I know, that’s the trouble with this source. Let me give you another example

There’s a good article on Iraq’s IADS in 1990 and its destruction in 1991 here.

It goes into considerable depth on systems and deployment in the IADS, plans, preperations and the execution of destroying it.

The notion of replacing A-10s with F-35s and expecting similar results is like something out of The Pentagon Wars.

Might be because only those two have enough warbucks that they can spend them on stuff like single-task airframes. Everyone else, we just make do.

SAM sites and ground-based anti-air defenses are basically a waste of money these days outside of MANPADS (which don’t work against high-altitude threats). The second someone flips their radar on, a half-dozen anti-radiation missiles get launched at it. Or the location gets triangulated and catches a JDAM within 5 minutes. Or it appeared on satellite imagery and was obliterated days before with a cruise missile.
It’s already what happened during the first Gulf War, and that was 20 years ago (dear god, we’re all old…). Now add stealth drones to the mix and… yeah.

It’s generally cheaper to maintain or upgrade older models than it is to come up with new stuff. Also, anyone bringing a cost-saving argument to the table when that table has an F-35 on it clearly hasn’t been paying attention. This thing doesn’t burn jet fuel - it runs on briefcases full of tightly packed C-notes :).

“Most effective weapon”? I’d say it’s the ICBM’s if there are still any around. Among its other flaws, the A-10 can’t provide air superiority over an area. Updated migs will shoot it down.

Neither can a Hercules, but that doesn’t mean transport capacity isn’t important. If the Air Force wants to be a one trick pony of air superiority and nothing else, they should be funded as such.

Well, if, over a theater of operations, you have F-15’s keeping the skies clear of enemy fighters and bombers, and you have A-10’s attacking enemy ground forces, while C-130s are maintaining a steady stream of supplies, who usually holds the critical role, the one role whose absence will preclude the others?

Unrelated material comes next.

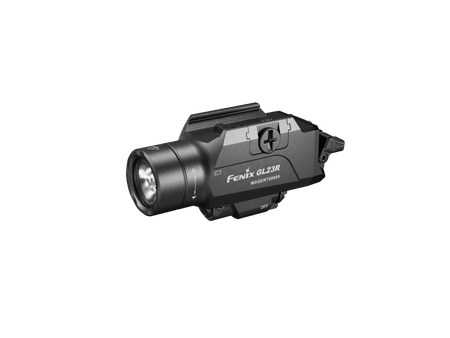 Fenix GL23R Green Laser Tactical Light - Get Tight Gear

Minor nitpick (bolding mine): I wandered down to the factory floor last year to have a look at number 100 as it went down the line. :wink:

Ok, I enjoyed that apocryphal exchange. But relying today on what happened with a weapons system 23 years ago is questionable at best. Would you have proposed to that during Operation Desert Shield, US commanders should have been held to the most effective weapons systems in use in 1967?

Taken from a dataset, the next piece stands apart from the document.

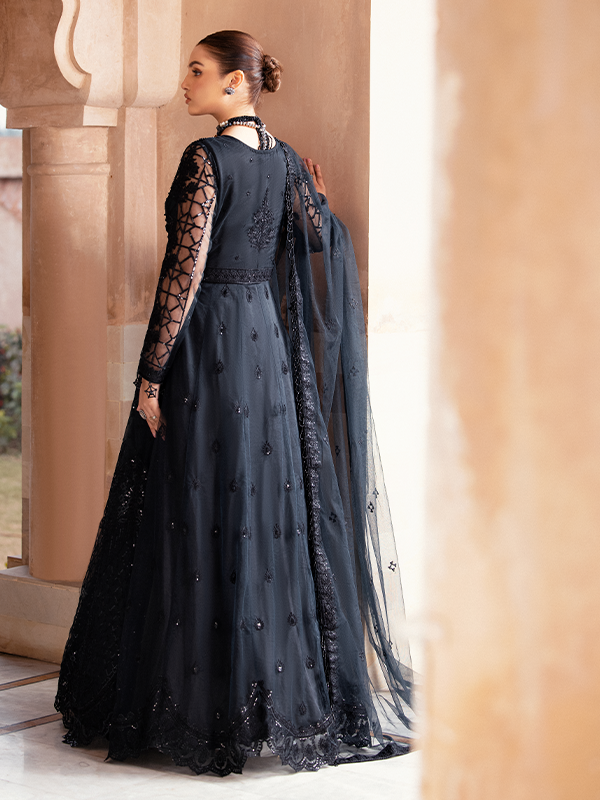 Zebtan | Zeenat Collection Vol 19 | ZN-10 - House of Zarish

I should clarify that when I spoke about Iraq earlier, I was referring to 2003 onwards - hence the reference to Predators.

Your view of air power is at odds with the Israelis and South Koreans, who have both decided that fourth generation fighters don’t stand a chance against the modern air defenses in Iran and North Korea. Perhaps you might want to call up their ministers of defense and say, “Hey, I heard you were going to buy some fifth generation fighters. Don’t do that! Just drop a bomb on those SAM sites! kthxbye!”

First, that’s a reasonable point about upgrading versus buying new. However, there’s no upgrade for the fact that the A-10 is forty year old technology, that it is going to increasingly fall behind as our competitors continue to modernize, and I don’t think its a good bet to assume that we will have total air supremacy in future wars as we have had in recent ones. For example, I look as the massive fleet of Predators we’ve bought over the last 8 years and think: what the hell are we going to do with all of those?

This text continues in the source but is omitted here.